+++ Given entries

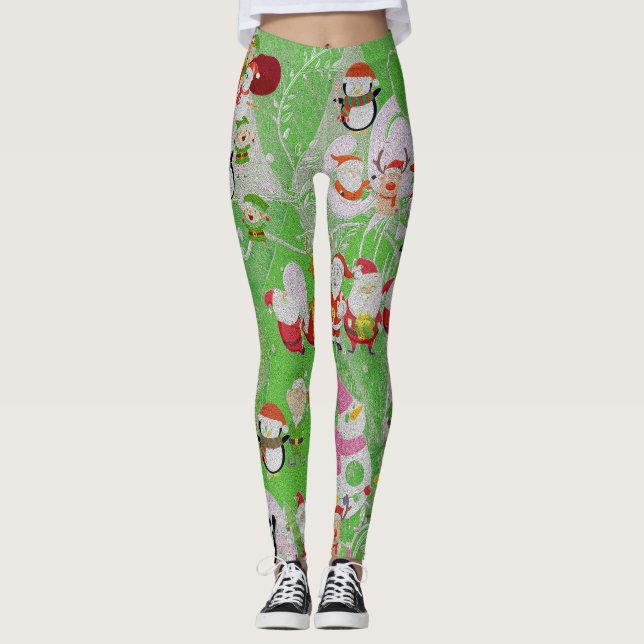 Santa Magical Green New Year  Leggings (Vorderseite)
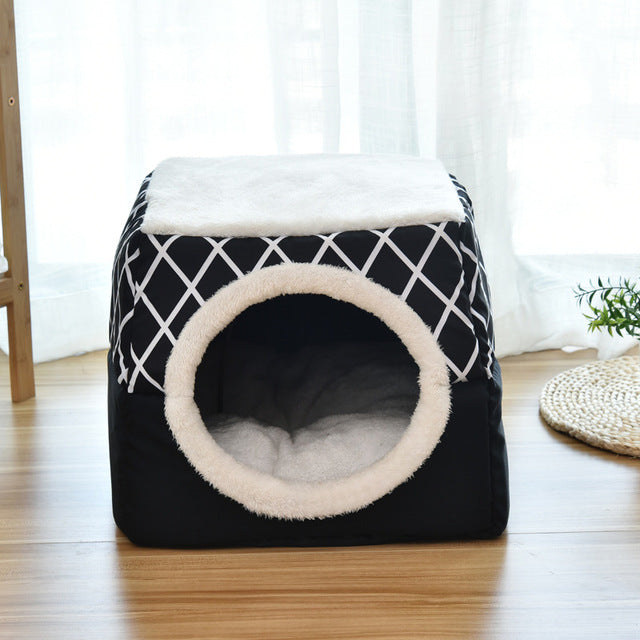 Soft Pet House Bed For Dog Cats Black Gray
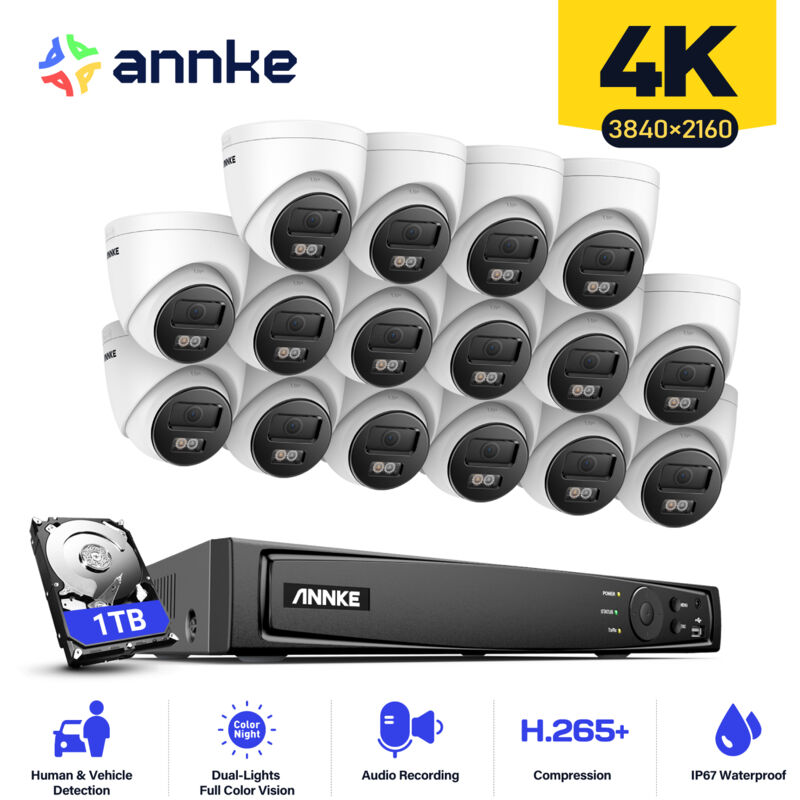 

Annke - 4K Ultra HD PoE Sistema de seguridad de video en red 16CH NVR 4K Vigilancia con compresión de video H.265 + 4K HD Torreta Cámaras IP con 16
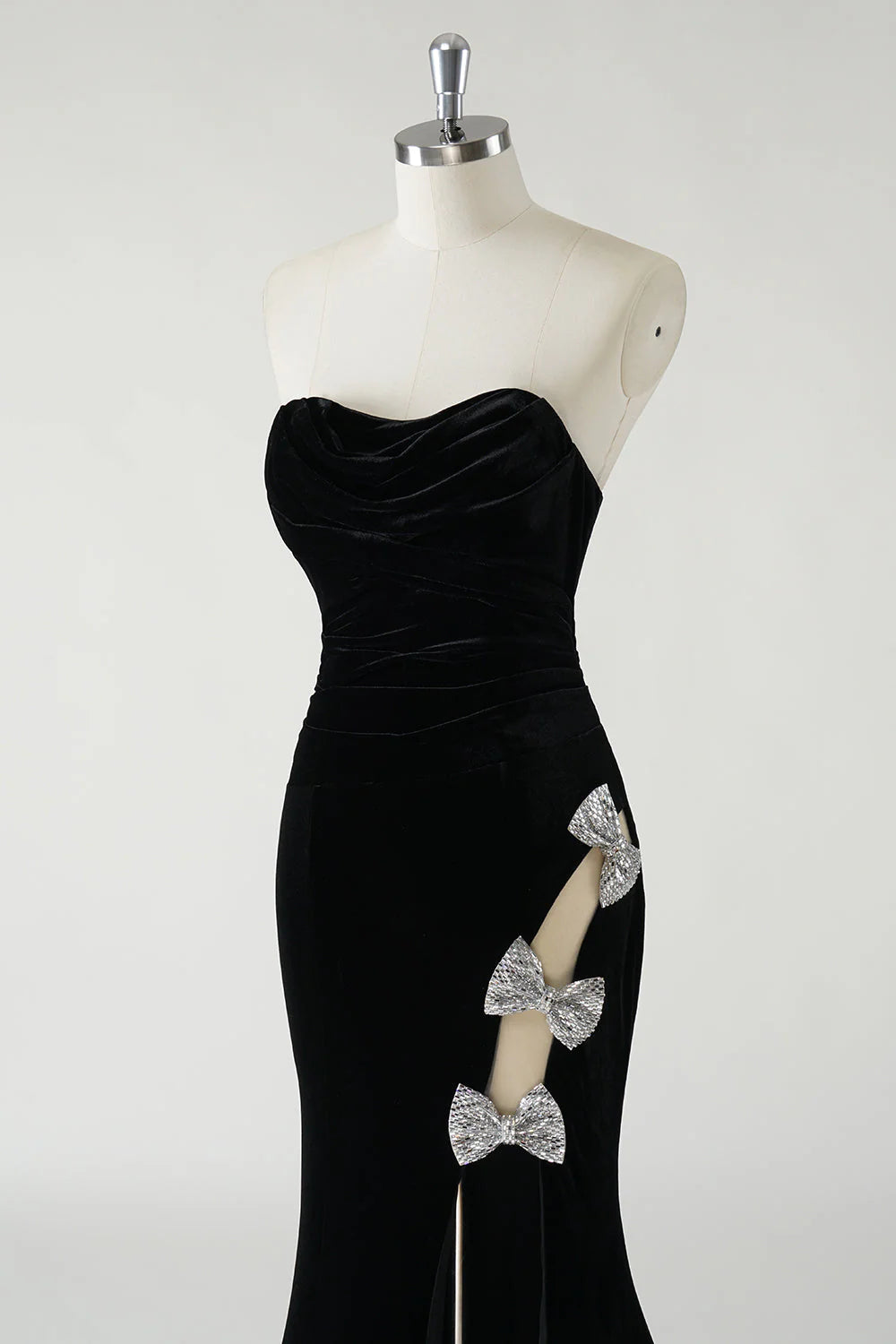 Sparkly Black Mermaid Strapless Velvet Bows Long Prom Dress With High Slit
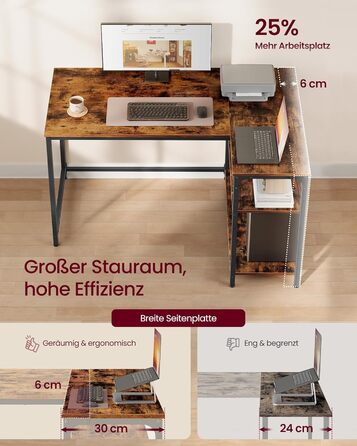 Г-подібний кутовий стіл, комп&39ютерний стіл з місцем для зберігання, офісний стіл, полиця з регульованою висотою, для домашнього офісу, 110 x 80 см, вінтажний коричневий LWD135KD01 Вінтажний коричневий 110 x 80 см Без подовжувача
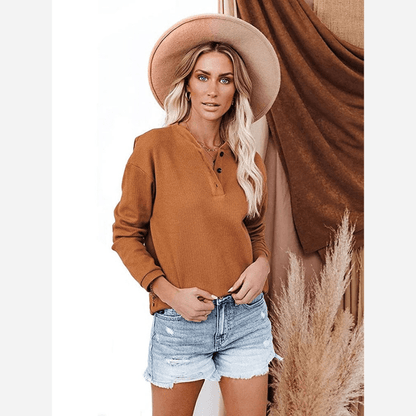 Casual Button Up Long Sleeve Shirt - Seldom Seen Styles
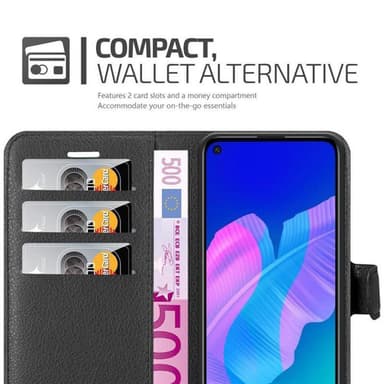 Huawei P40 LITE E Suojakuori Lompakkokotelo (Musta)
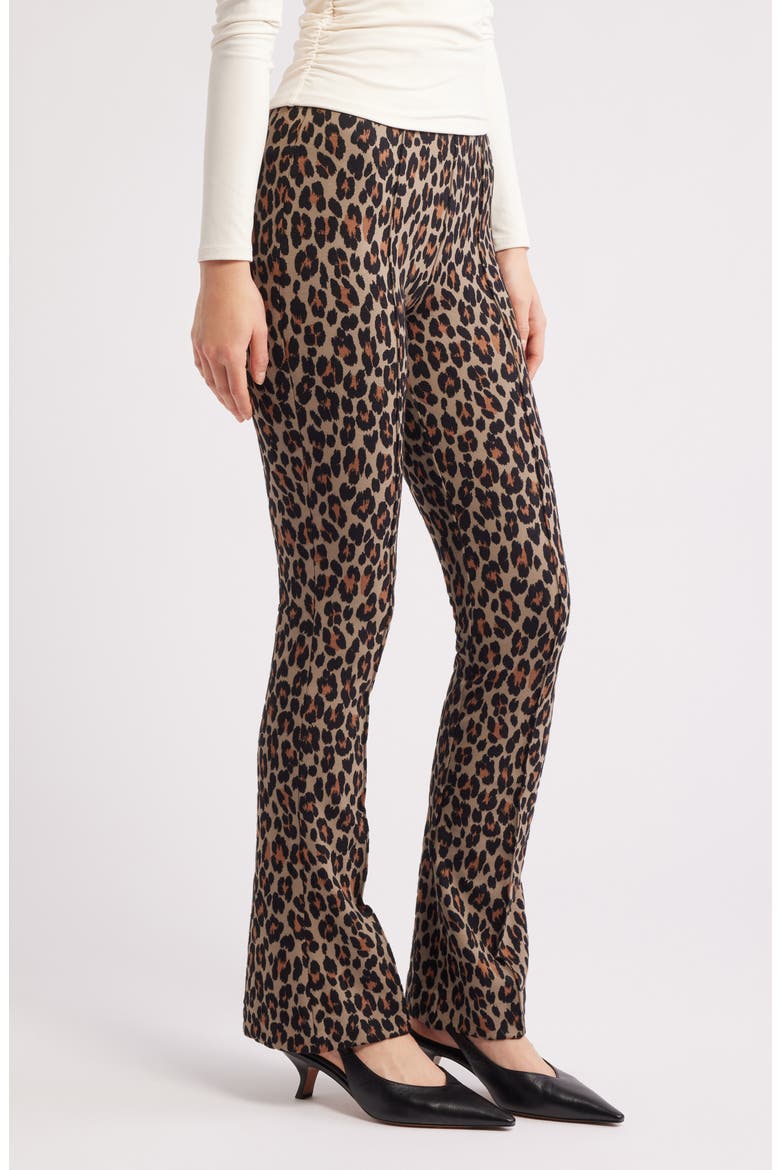 Leopard Print Ponte Pants, Alternate, color, BROWN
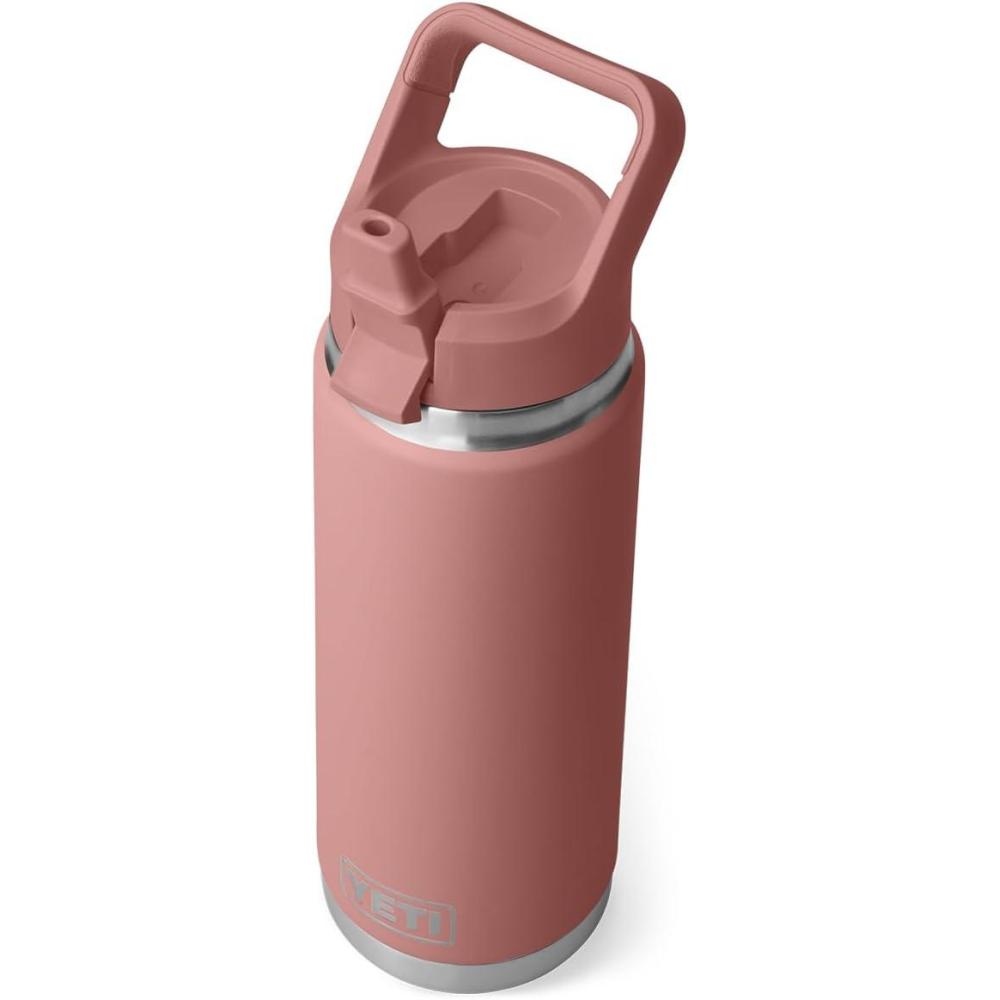 imageYETI Rambler 26 oz Bottle Vacuum Insulated Stainless Steel with Color Matching Straw CapSandstone Pink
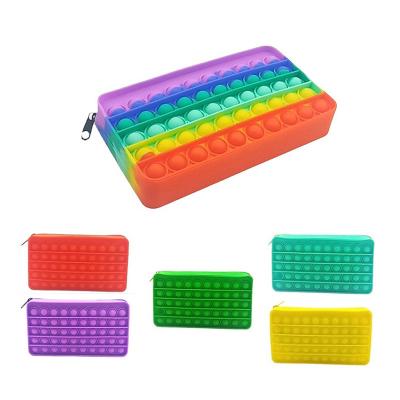 China 2022 New Silicone TaoXi Products Stationery Storage Silicone School Bag For Adult Busy Person Toy Squeeze Bubble Stationery Box Kids Color for sale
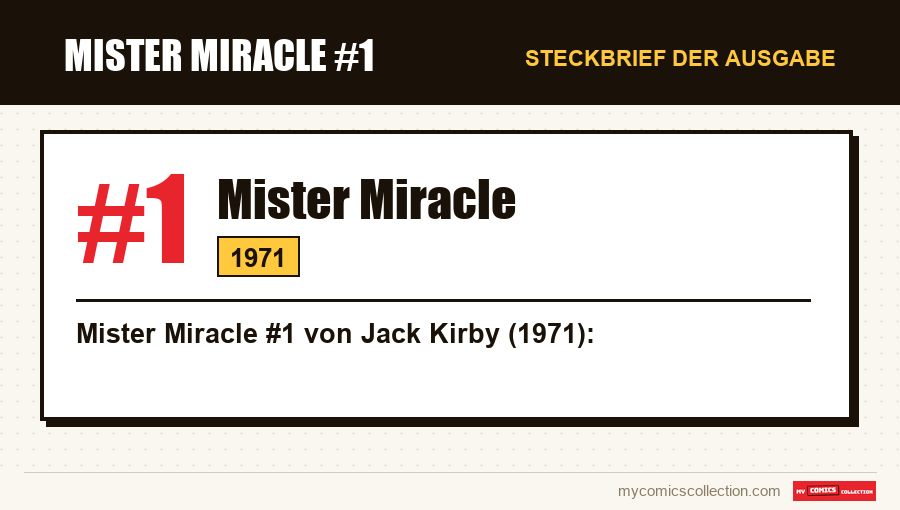 Steckbrief von Mister Miracle #1: Nummer, Jahr und warum es eine Schlüsselausgabe ist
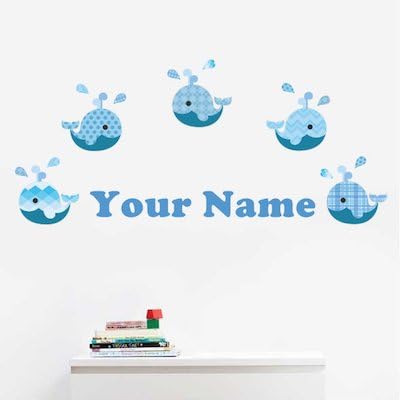 Oliver's Labels Premium Name Wall Decals - Matte Finish Personalized Wall Art for Kids' Rooms & Nurseries (Whales) - Image 3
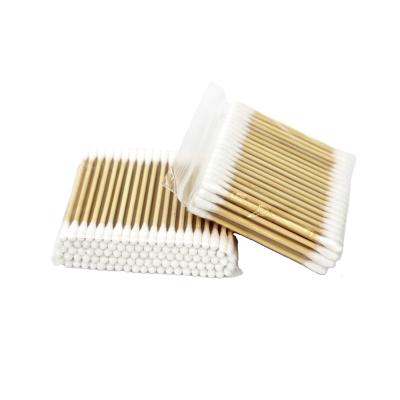 China Wooden Disposable Cosmetic White Wooden Bamboo Ear Swabs Hotel Cotton Buds for sale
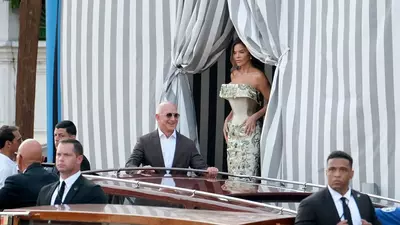 ‘Venice once again reveals itself to be a global stage’: Jeff Bezos spotted in black tuxedo hours before tying the knot with Lauren Sánchez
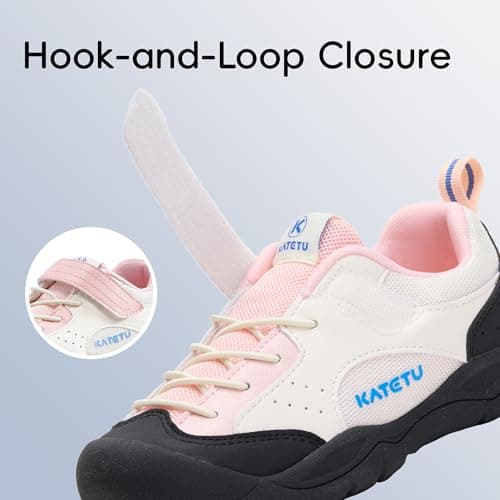 KATETU Wide Toe Box Shoes Kids Baby Girls Boys Hiking Shoes Walking Breathable Lightweight Non-Slip Running Tennis Outdoor Sneakers Pink Black US 1 Little Kid 1Y - Thumbnail 6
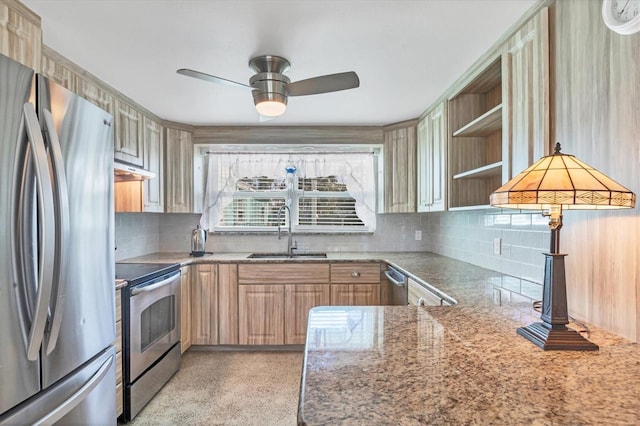 kitchen featuring ceiling fan, sink, stainless steel appliances, backsplash, and light brown cabinetry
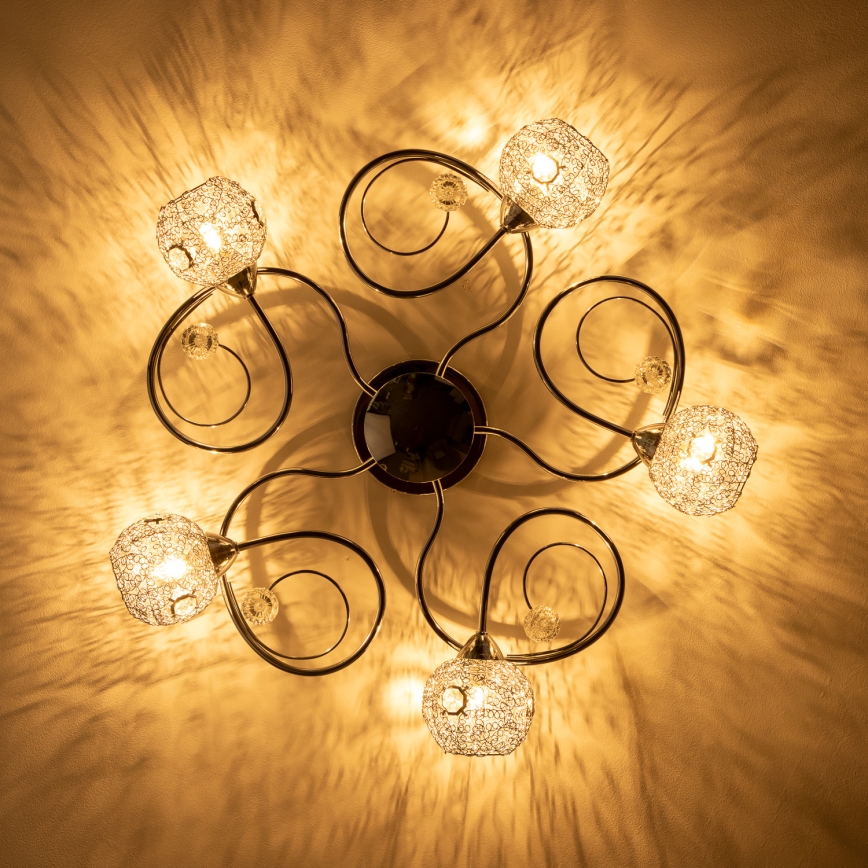 Eglo 32103 - LED ytmonterad ljuskrona VELAGO 5xG9/33W/230V blank krom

++++++

_Activity:_ Starting from the first line of the entries above, print each line exactly until the line containing "Huawei P40 LITE" has been printed, and skip the pictures.

_Response for this exercise:_
 Santa Magical Green New Year  Leggings (Vorderseite)
 Soft Pet House Bed For Dog Cats Black Gray

Annke - 4K Ultra HD PoE Sistema de seguridad de video en red 16CH NVR 4K Vigilancia con compresión de video H.265 + 4K HD Torreta Cámaras IP con 16
 Sparkly Black Mermaid Strapless Velvet Bows Long Prom Dress With High Slit
 Г-подібний кутовий стіл, комп&39ютерний стіл з місцем для зберігання, офісний стіл, полиця з регульованою висотою, для домашнього офісу, 110 x 80 см, вінтажний коричневий LWD135KD01 Вінтажний коричневий 110 x 80 см Без подовжувача
 Casual Button Up Long Sleeve Shirt - Seldom Seen Styles
 Huawei P40 LITE E Suojakuori Lompakkokotelo (Musta)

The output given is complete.